Where $A=M(I, (u_1,. . .,u_n), (v_1,. . .,v_n))$
I am assuming this is the reason they are called similar matrices. As in, we would expect the matrices of the same linear map to be connected in some way. The change of basis formula gives that connection. So they are similar in the sense that they represent the same linear map.

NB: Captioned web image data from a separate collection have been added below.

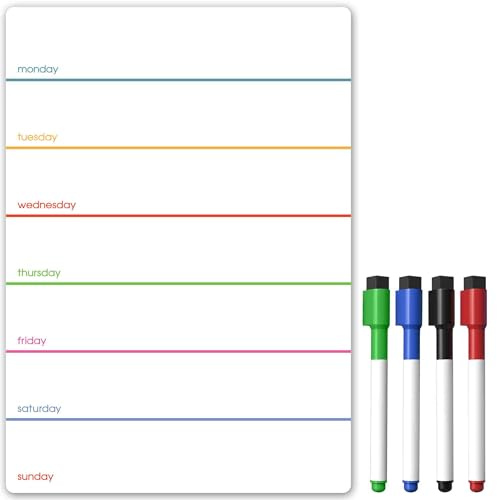 TMS Magnetisk veckoplanerare i A4-format och torrtorkningspennor, liten whiteboardplanerare för kylskåp, måltidsplanerare med torrtorkning, att göra-lista, memotavla eller påminnelsekalender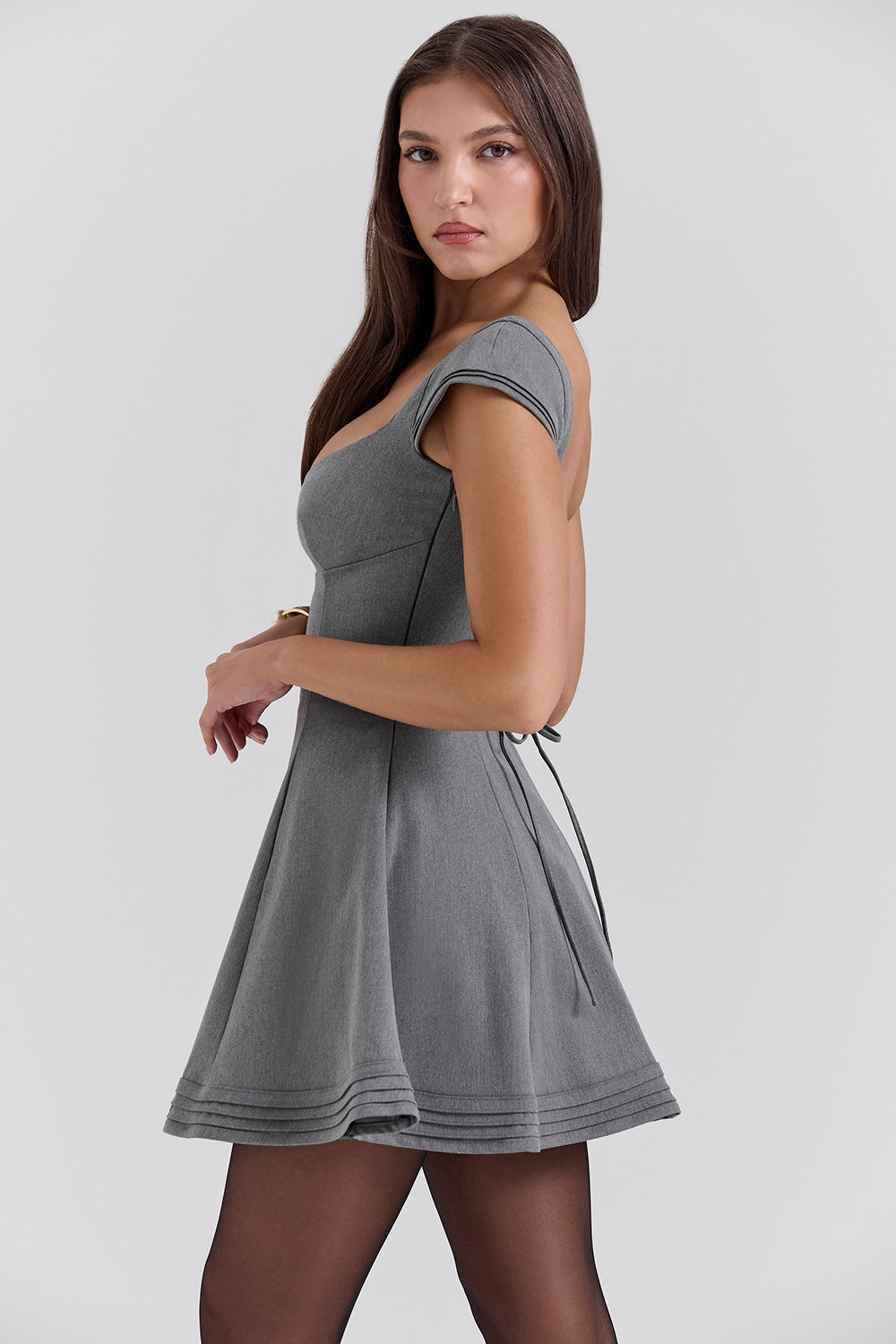 French grey fitted mini dress with voluminous skirt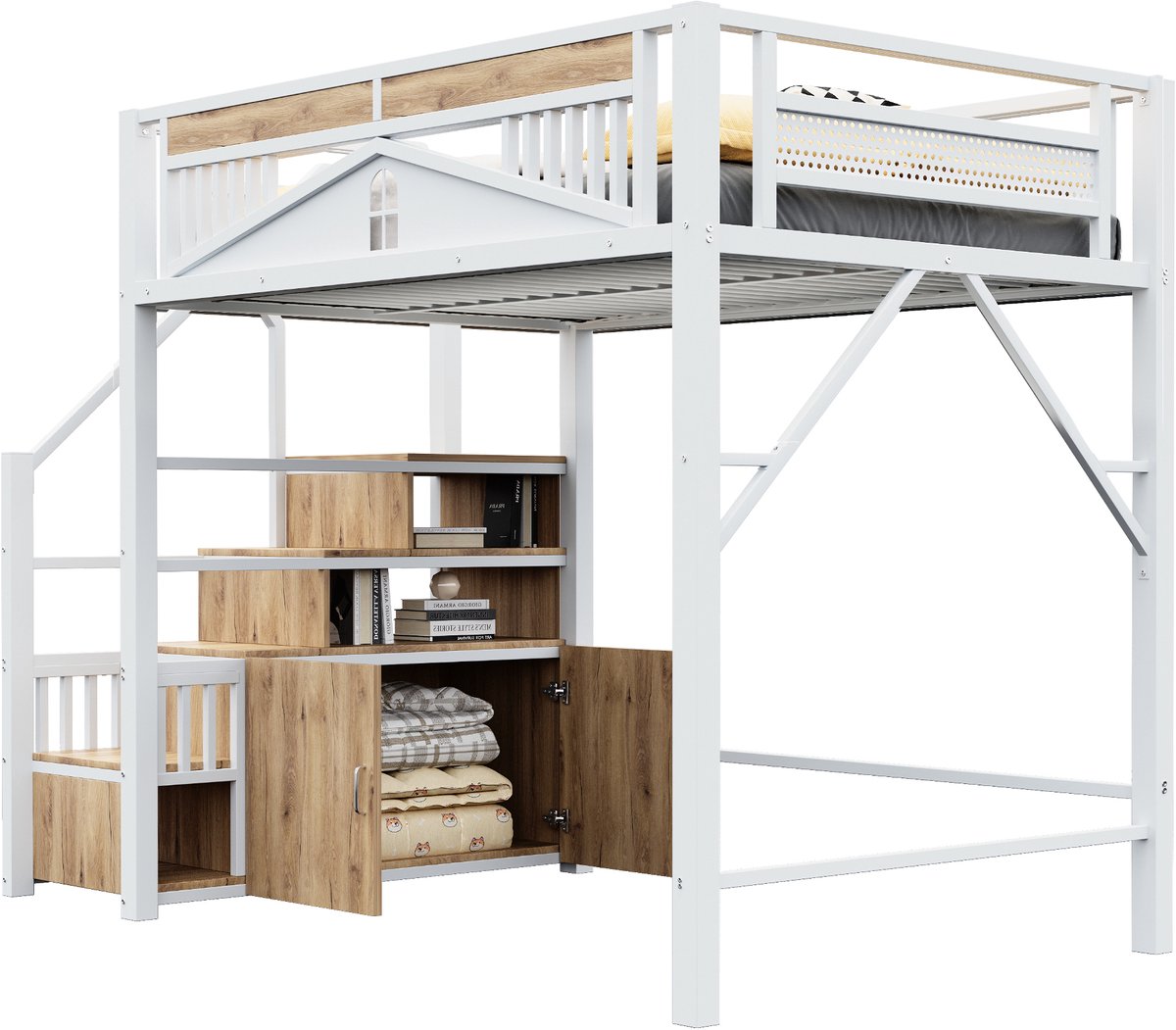 Sweiko Hoogslaper - 140 x 200 cm - Metalen frame - Met veiligheidshek - Opbergruimte - Wit
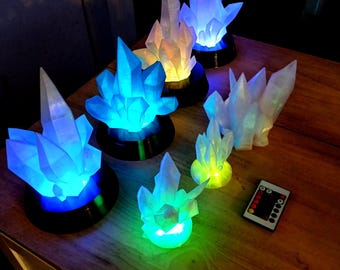 Crystal lamp, wireless LED, 3D printed tabletop light, night light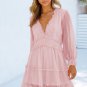 Pink Layered Ruffled Open Back Puff Sleeve Swiss Dot Mini Dress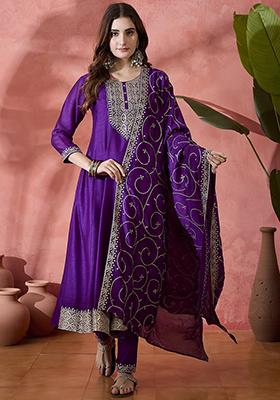 Purple Embroidered Zari Kurta Set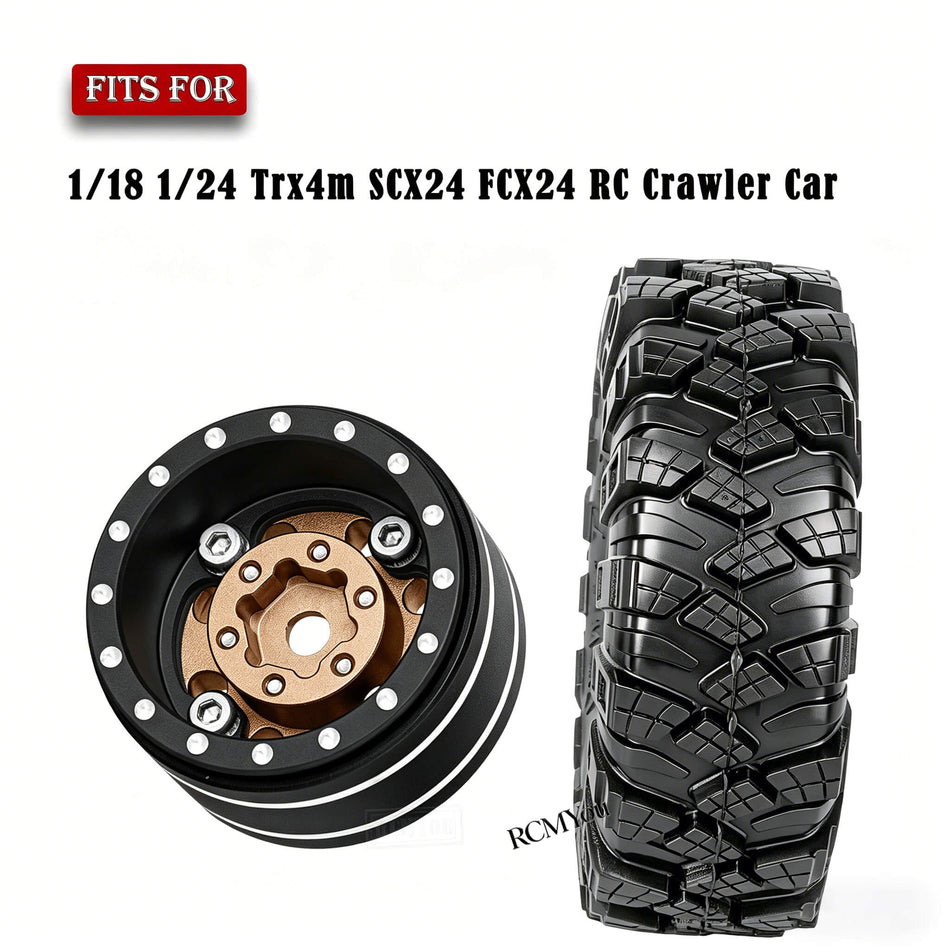 RC 1.0 Beadlock Wheels and Tires for 1/18 1/24 traxxas Trx4m axial SCX24 FMS FCX24 RC Crawler Car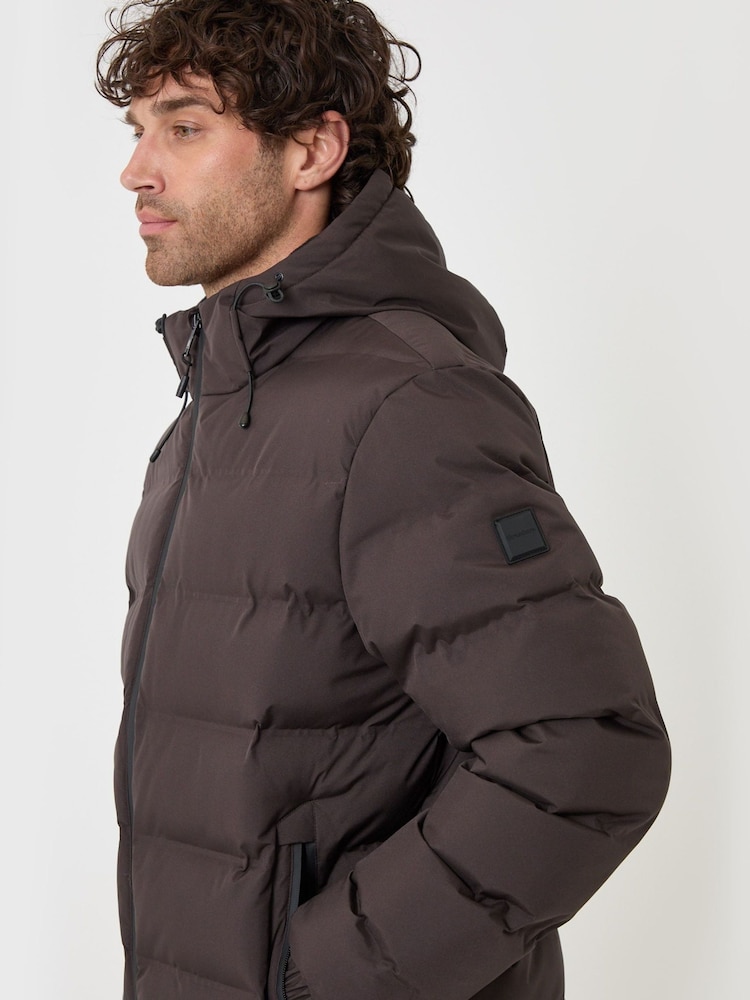 Threadbare Brown Showerproof Ripstop Puffer Coat - Image 2 of 5 Threadbare Brown Showerproof Ripstop Puffer Coat - Image 2 of 5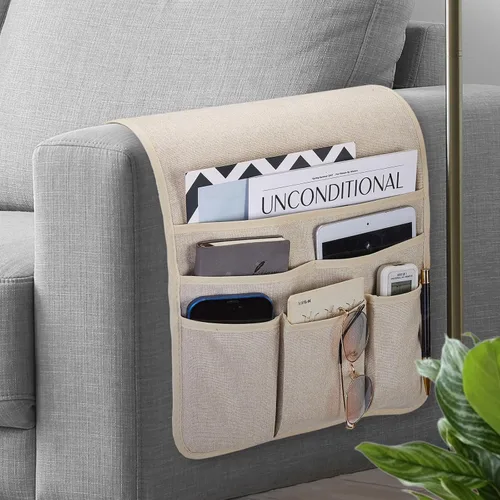 Teniux Organizador de sillón con control remoto para sofá reclinable, organizador antideslizante con 5 bolsillos para revista, tableta, teléfono,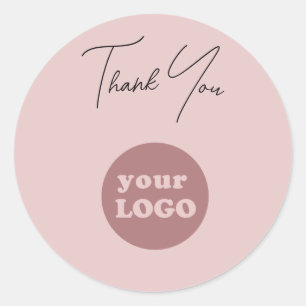 Blush Pink Custom Business Logo Thank You Classic Round Sticker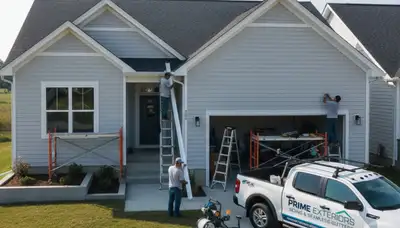 Seamless gutter installation on vinyl siding home in Minneapolis, MN by Next Level Exteriors
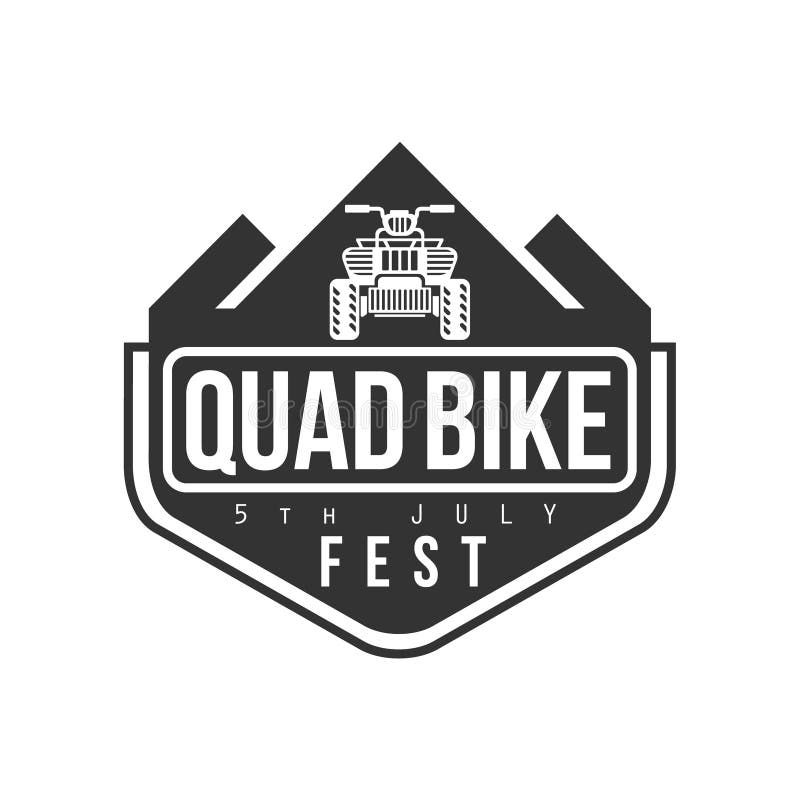 Kwadrata roweru festiwalu etykietki projekta Czarny I Biały szablon Z tekstem Dla Quadricycle wynajem biznesu ilustracji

As an example: Define a linear map $T : R^2 \to R^2$ as follows. $T(x, y) = (x + 3y, 2y + 7x)$
Then,
$M(I, ((1, 3), (2, 4)), ((7, 2), (8, 3))) = \begin{bmatrix}-4.2 & -5.2\\3.8 & 4.8\end{bmatrix} = P$
$M(T, ((1, 3), (2, 4))) = \begin{bmatrix}-7 & -6\\8.5 & 10\end{bmatrix} = B$
$M(T, ((7, 2), (8, 3))) = \begin{bmatrix}-77 & -89\\69 & 80\end{bmatrix} = A$
Then we see that $B=P^{-1}AP$. Also, $M(I, ((1, 3), (2, 4)), ((7, 2), (8, 3)))$ has an inverse which is the matrix of the identity map with the bases changed. $M(I, ((1, 3), (2, 4)), ((7, 2), (8, 3)))^{-1}=M(I, ((7, 2), (8, 3)), ((1, 3), (2, 4)))$